You can achieve the color by putting stain in, over, or under a glaze. If you are simply aiming for a colored glaze, then, depending on the potency of the stain and the desired intensity, just add 1%-10% to the glaze batch. However, you may discover that your crystal clear transparent glaze with added stain produces a variegated or crystalline surface that varies with glaze thickness and firing. With some stains it may be necessary to adjust the glaze to achieve more even color or ball milling may improve the situation.
Using stains for colorful brushwork decoration is very popular, and many people just mix the pure stain powder with water and paint it on using watercolor techniques. In general, a stain should be used under a transparent glaze at higher temperatures where edges tend to feather and smear with overglaze techniques. The ware can be decorated at the green or biscuit stage, and colors will fire are softer. However, under-glaze stains must have maximum chemical compatibility with the overlying glaze for correct color development. If a stain is used over a glaze, colors are more vibrant, edges of colored areas are softer, and glaze crawling due to improper wetting of the underlying stain is reduced. Note that the solvent action of fritted glazes is diminished because of the fritting process; therefore these will produce less smudging of colors and bleeding edges.

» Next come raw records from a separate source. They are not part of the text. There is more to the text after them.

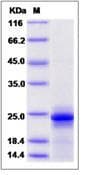 Mouse IL6 / Interleukin 6 Protein (Recombinant)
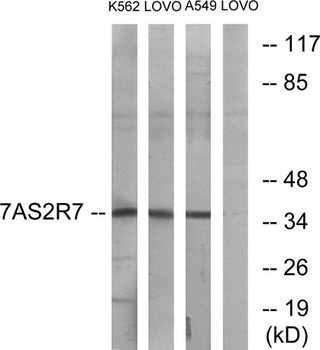 T2R7 rabbit pAb Antibody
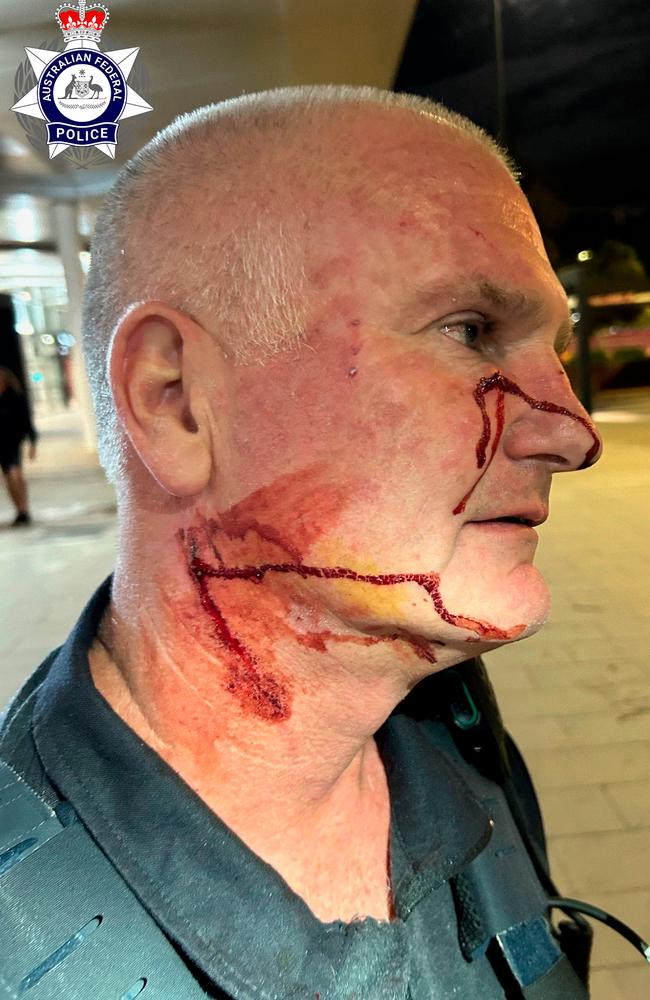 One officer was taken to a Perth Hospital following the alleged attack. Picture: AFP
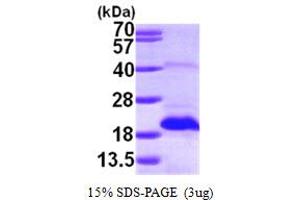 MSRB2 Protein (AA 21-182) (His tag)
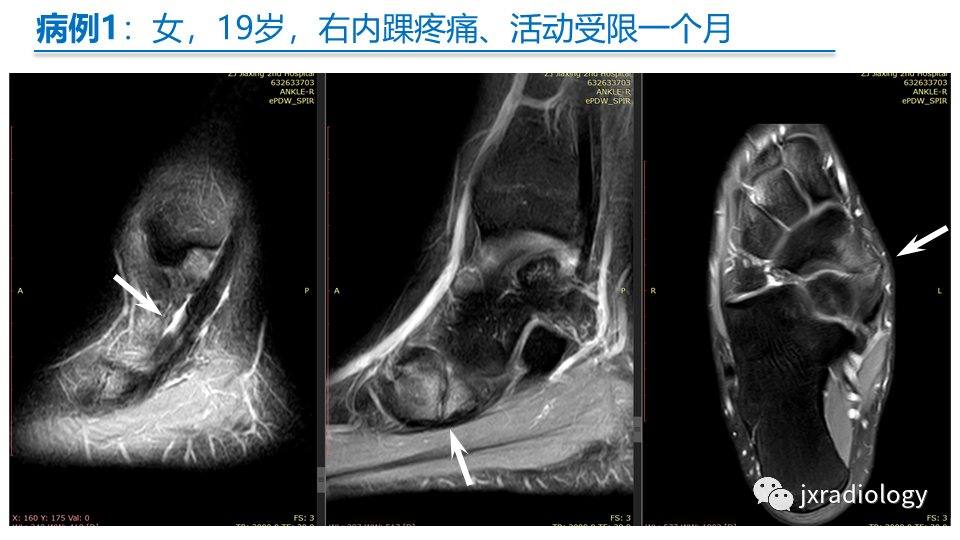 影像PPT - 【PPT】足副舟骨分型及相关病变-20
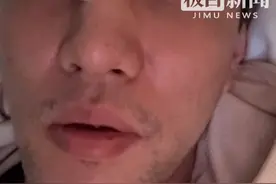 郭艾伦眼部受伤流血！本人发声：瞎了我就不活了，我以后可能打不了篮球视频封面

Whether over or under glaze, it is generally better to mix stains with mediums to both extend and condition them. This is because there are a number of problems associated with using a pure stain-water mix for brushwork.
Thus, a medium should extend the expensive stain and impart suspending, melting, drying retardant, and hardening properties while having a sympathetic chemistry and melt stability for the color (for use under glaze hardener is not necessary). In general, the use of some kaolin or bentonite in the medium mix will impart suspending, retarding, and hardening properties as well as supply Al2O3 to stiffen the melt. For overglaze colors, it will be an advantage to add a gum or resin to make the mix paintable and more durable for handling. A melting agent could be as simple as a general purpose borax frit for low-temperature ware (some function much better than others) or a smooth transparent glaze for stoneware (it is, of course, possible to adjust the character of the color by using a matte or glossy medium). In theory, only enough flux should be added to achieve the required melting action and make the stain collaborate with the glaze. Since some stains will melt to a different extent in the medium than others, tuning the amount of medium to each becomes a way to "level the playing field" as it were. A medium can be tuned to fuse at a particular temperature and its make-up can be adapted to any stain or application desired. The medium can even isolate a stain somewhat from a glaze whose chemistry might be hostile to proper color development. Also, a finely tuned body medium/stain mix can be used on an unglazed body surface to achieve very subtle textured colors. Such a mix can even be applied to a leather hard piece for subsequent incising through to the body below.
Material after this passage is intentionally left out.